- **TASK GOAL**: Every record must be transcribed in its entirety, apart from the images, which are to be omitted.

(Scraped caption text data)
──────────────────────────────

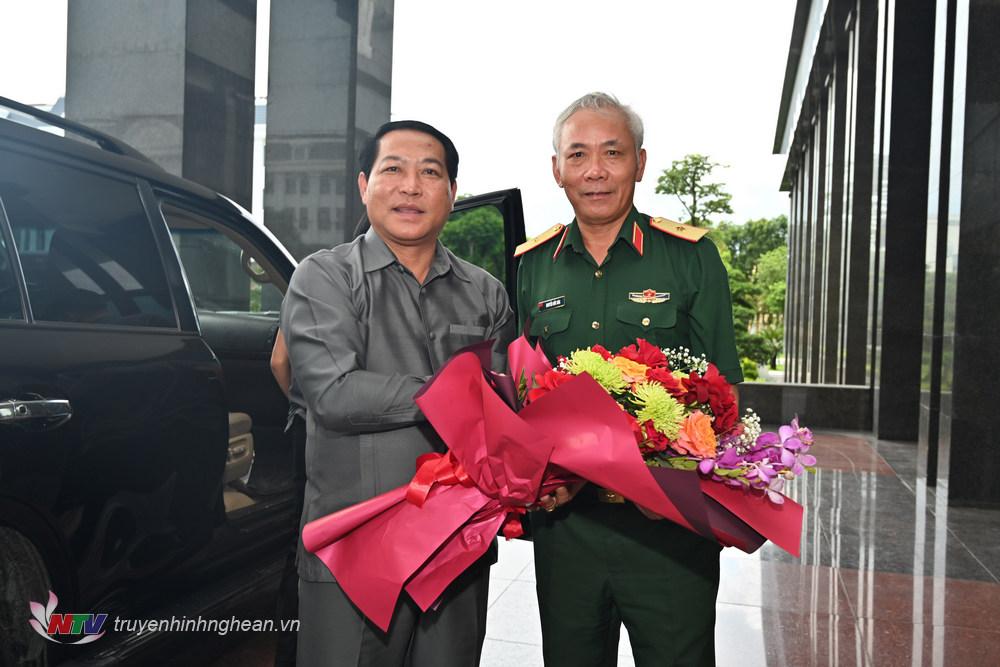 Thiếu tướng Nguyễn Đức Hóa, Ủy viên Ban Thường vụ Đảng ủy, Phó Chính ủy Quân khu 4 chủ trì tiếp Đoàn.
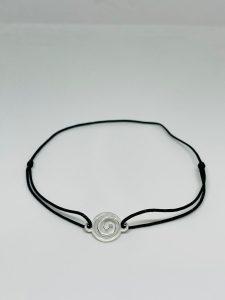 Brățară Handmade Unisex cu Pandantiv Spirală din Alamă Placată Argint pe Șnur Reglabil – Evoluție și Expansiune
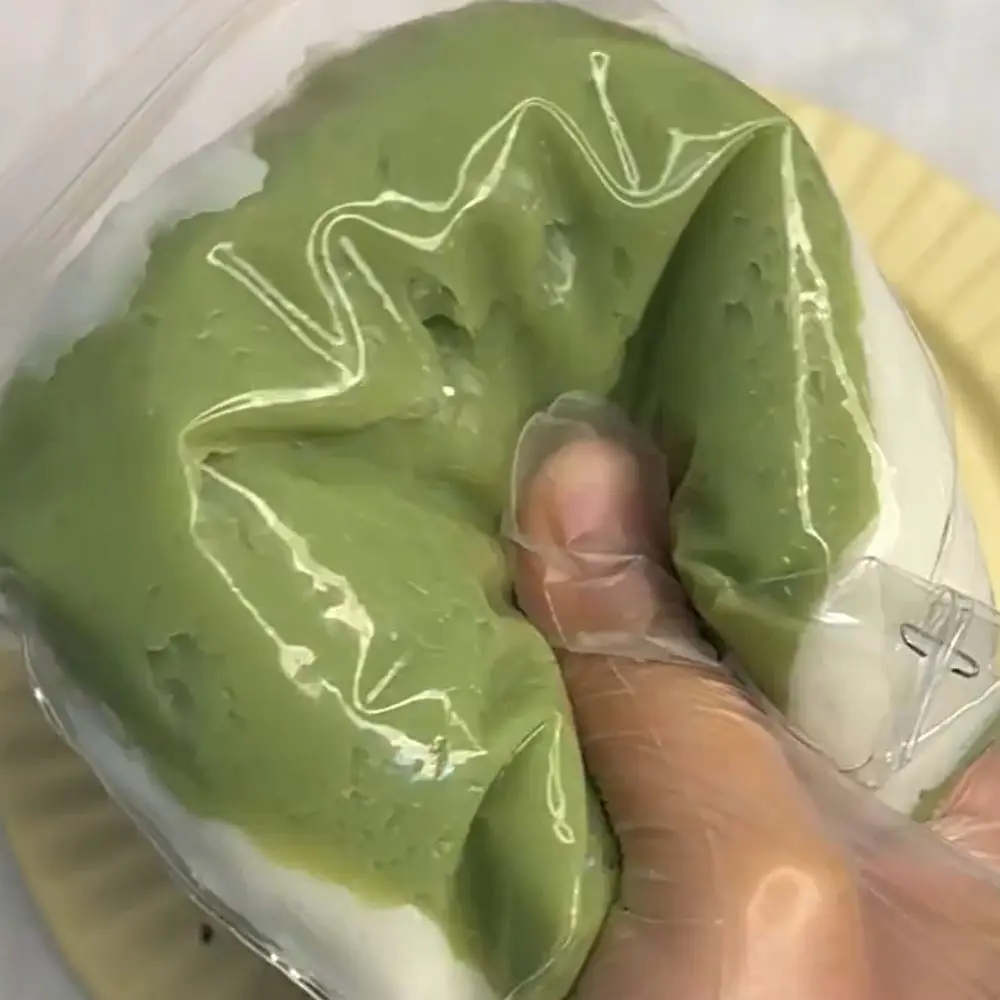 面白い三層トーストスクイーズおもちゃ海塩遅いリバウンドトーストそわそわおもちゃ抹茶ソフトサンドイッチそわそわおもちゃ子供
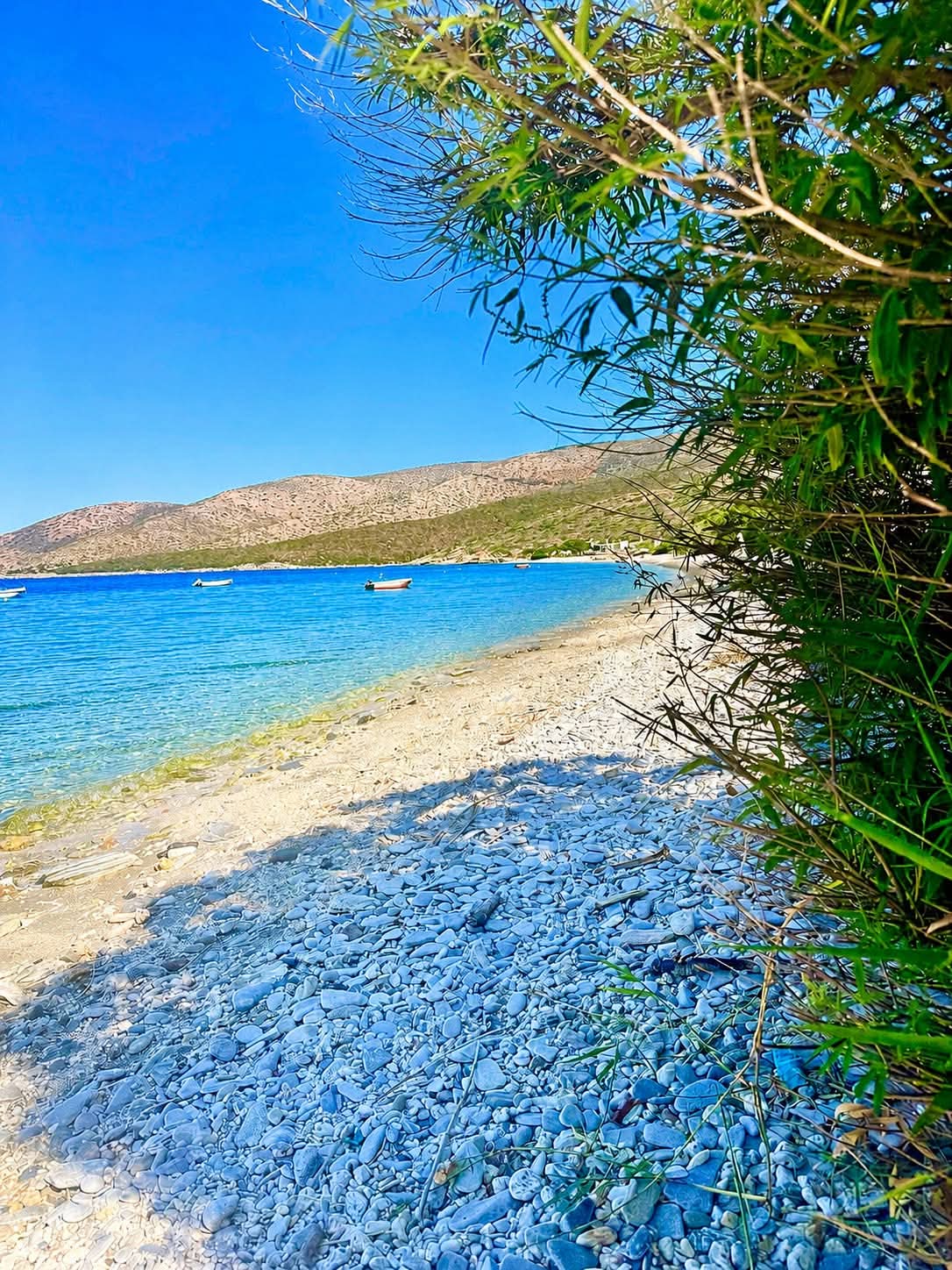 Παραλία με γαλάζια βότσαλα και κρυστάλλινα νερά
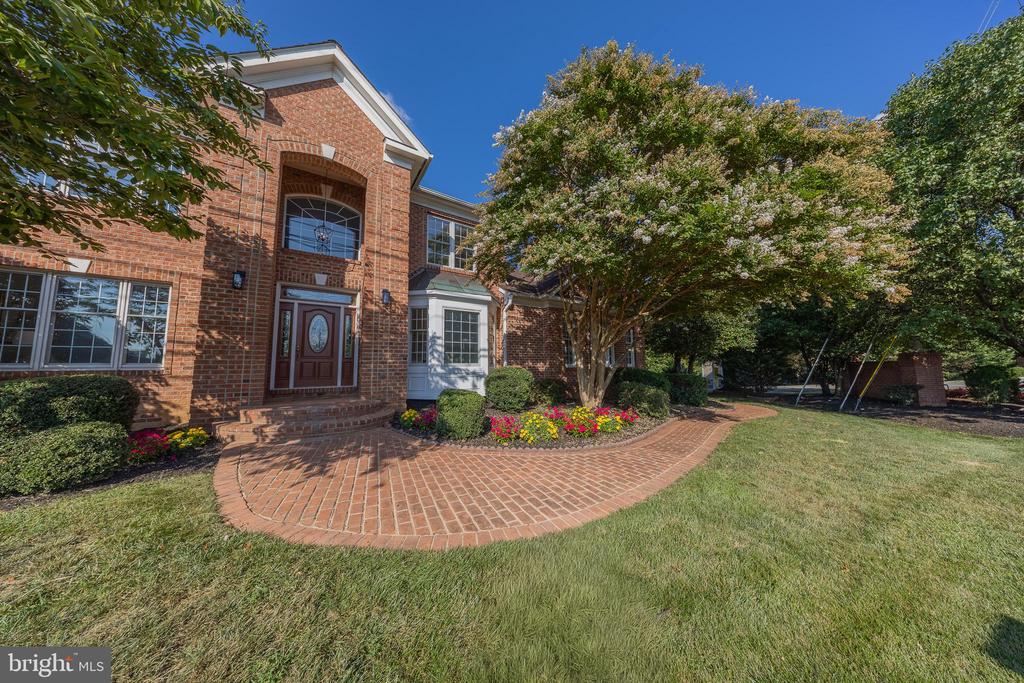 12500 FALKIRK DRIVE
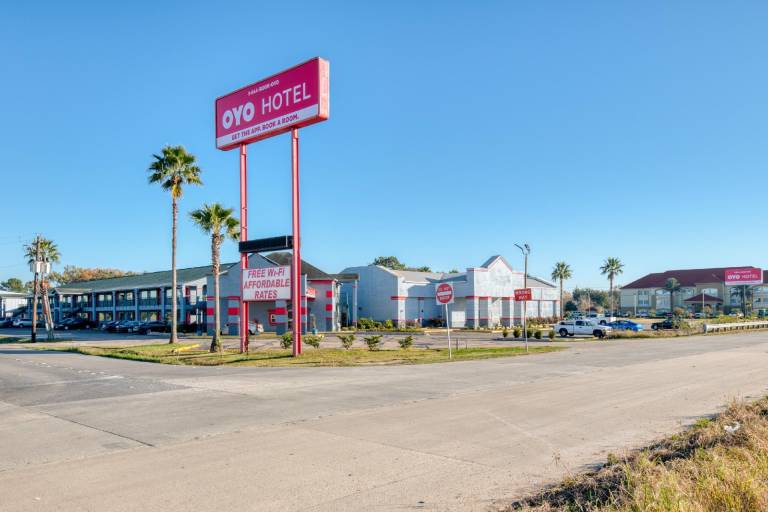 OYO Hotel Rosenberg TX I-69 in Rosenberg, TX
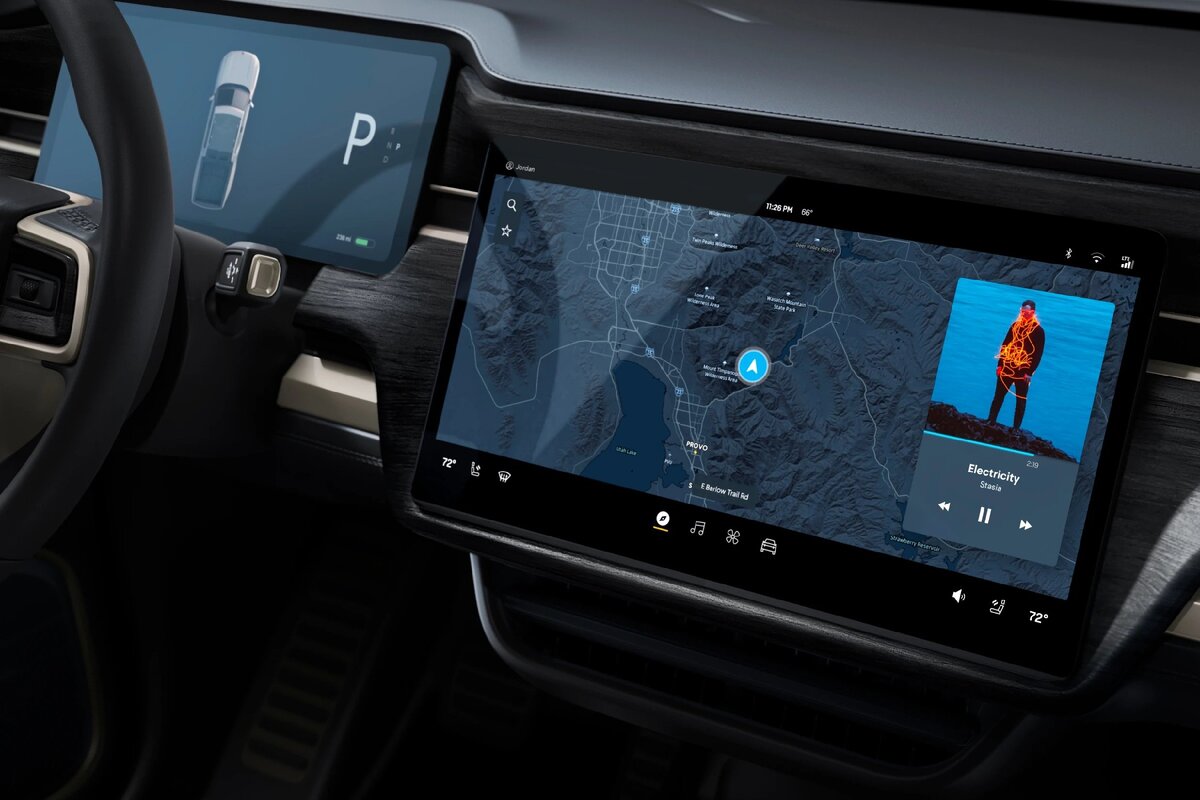 На центральном мониторе удобно смотреть за навигацией. Фото rivian.com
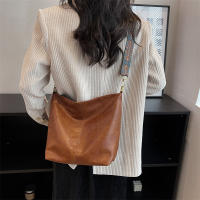 Bolso de hombro de cuero PU para mujer, bolsa de mano de gran capacidad, de lujo, Simple, de Color sólido, informal, de viaje, para compras - details 16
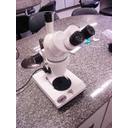 450px-Microscope-nova.jpg<>Z mikroskopom vidimo stvari povečane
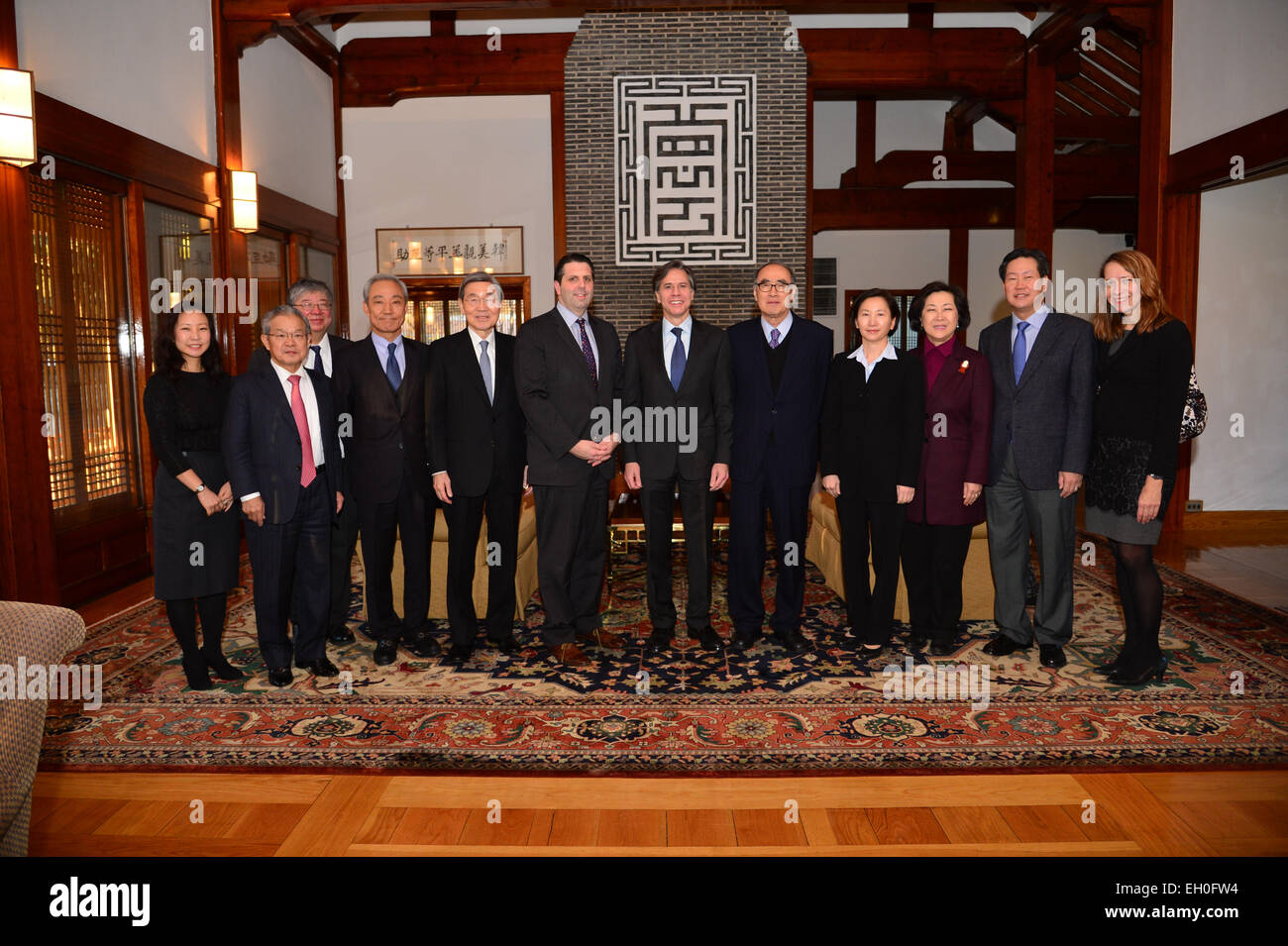 Il vice Segretario di Stato Antonio "Tony" Blinken e U.S. Ambasciatore della Repubblica di Corea Mark Lippert posano per una foto con prominenti sud coreano esperti e opinionisti presso l'U.S. Ambasciatore britannico a Seul, in Corea del Sud il 9 febbraio 2015. Foto Stock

──────────────────────────────

- **RESPONSE FOR THIS EXERCISE**:
 Thiếu tướng Nguyễn Đức Hóa, Ủy viên Ban Thường vụ Đảng ủy, Phó Chính ủy Quân khu 4 chủ trì tiếp Đoàn.
 Brățară Handmade Unisex cu Pandantiv Spirală din Alamă Placată Argint pe Șnur Reglabil – Evoluție și Expansiune
 面白い三層トーストスクイーズおもちゃ海塩遅いリバウンドトーストそわそわおもちゃ抹茶ソフトサンドイッチそわそわおもちゃ子供
 Παραλία με γαλάζια βότσαλα και κρυστάλλινα νερά
 12500 FALKIRK DRIVE
 OYO Hotel Rosenberg TX I-69 in Rosenberg, TX
 На центральном мониторе удобно смотреть за навигацией. Фото rivian.com
 Bolso de hombro de cuero PU para mujer, bolsa de mano de gran capacidad, de lujo, Simple, de Color sólido, informal, de viaje, para compras - details 16
 450px-Microscope-nova.jpg<>Z mikroskopom vidimo stvari povečane
 Il vice Segretario di Stato Antonio "Tony" Blinken e U.S. Ambasciatore della Repubblica di Corea Mark Lippert posano per una foto con prominenti sud coreano esperti e opinionisti presso l'U.S. Ambasciatore britannico a Seul, in Corea del Sud il 9 febbraio 2015. Foto Stock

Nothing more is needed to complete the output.